Modern Cretan Greeks (Greek_Crete in the G25 panel) confirm this continuity: at G25 distance 0.0174 from Italian_Calabria, 0.0287 from Greek_Laconia, 0.0336 from Greek_Peloponnese. The modern Cretan profile is entirely integrated into the central Mediterranean landscape, with no exotic component. The Minoan civilization, despite its remarkable sophistication (the palace of Knossos, the Linear A script, the Thera frescoes), is genetically continuous with neighboring Bronze Age Aegean populations.
6. Theory 4: Doggerland and the North Sea
More recently, some researchers have proposed that the motif of Atlantis submersion may reflect, in distorted form, the real memory of the submersion of Doggerland, the vast continental shelf that connected England to the European continent and that was progressively submerged between 18,000 and 6,500 BCE during the post-Wurm deglaciation.

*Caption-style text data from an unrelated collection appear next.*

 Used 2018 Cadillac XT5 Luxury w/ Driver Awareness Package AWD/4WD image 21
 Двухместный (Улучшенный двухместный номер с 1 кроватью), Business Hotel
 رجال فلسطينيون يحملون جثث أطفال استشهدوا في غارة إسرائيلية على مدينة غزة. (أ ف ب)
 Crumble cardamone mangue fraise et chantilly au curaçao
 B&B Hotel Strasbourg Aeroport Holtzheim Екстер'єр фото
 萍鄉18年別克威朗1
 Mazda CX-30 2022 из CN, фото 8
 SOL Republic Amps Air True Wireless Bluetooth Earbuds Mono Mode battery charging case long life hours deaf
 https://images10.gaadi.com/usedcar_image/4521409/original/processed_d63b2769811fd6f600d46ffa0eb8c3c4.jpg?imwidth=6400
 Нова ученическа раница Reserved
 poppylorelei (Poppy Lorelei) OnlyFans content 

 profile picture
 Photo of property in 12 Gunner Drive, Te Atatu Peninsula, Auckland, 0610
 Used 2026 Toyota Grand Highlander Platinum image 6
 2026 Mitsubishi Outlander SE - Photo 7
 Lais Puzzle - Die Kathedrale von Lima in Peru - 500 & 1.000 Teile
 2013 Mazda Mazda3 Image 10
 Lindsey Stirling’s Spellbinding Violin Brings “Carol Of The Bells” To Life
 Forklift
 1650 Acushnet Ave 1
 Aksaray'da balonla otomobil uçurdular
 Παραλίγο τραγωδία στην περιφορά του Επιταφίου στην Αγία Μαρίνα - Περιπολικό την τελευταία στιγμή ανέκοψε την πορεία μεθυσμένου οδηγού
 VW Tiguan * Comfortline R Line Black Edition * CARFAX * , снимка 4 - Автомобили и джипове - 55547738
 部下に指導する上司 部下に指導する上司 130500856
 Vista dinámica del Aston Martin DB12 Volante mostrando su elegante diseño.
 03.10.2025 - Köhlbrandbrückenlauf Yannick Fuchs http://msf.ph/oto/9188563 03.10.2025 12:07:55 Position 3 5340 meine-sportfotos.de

The date of final submersion (approximately 6500 BCE, following a tsunami caused by the Storegga submarine landslide) is closer to the Platonic date than other theories, though it remains 3,000 years earlier.
The archaeological evidence from Doggerland (Mesolithic artifacts recovered from the North Sea floor by trawlers, late Mesolithic coastal sites on the current shores of northeastern England and Frisia) clearly indicates a population of Mesolithic hunter-gatherers, without agriculture, without metallurgy, without monumental structures. The few human remains from Doggerland studied genetically (including cranial fragments recovered off the Dutch coast) correspond to the Western WHG population, identical to Loschbour, Cheddar Man, and other contemporary western European Mesolithics. Doggerland was a habitable and inhabited land, but its inhabitants were not Atlanteans: they were Western hunter-gatherers entirely typical for their era.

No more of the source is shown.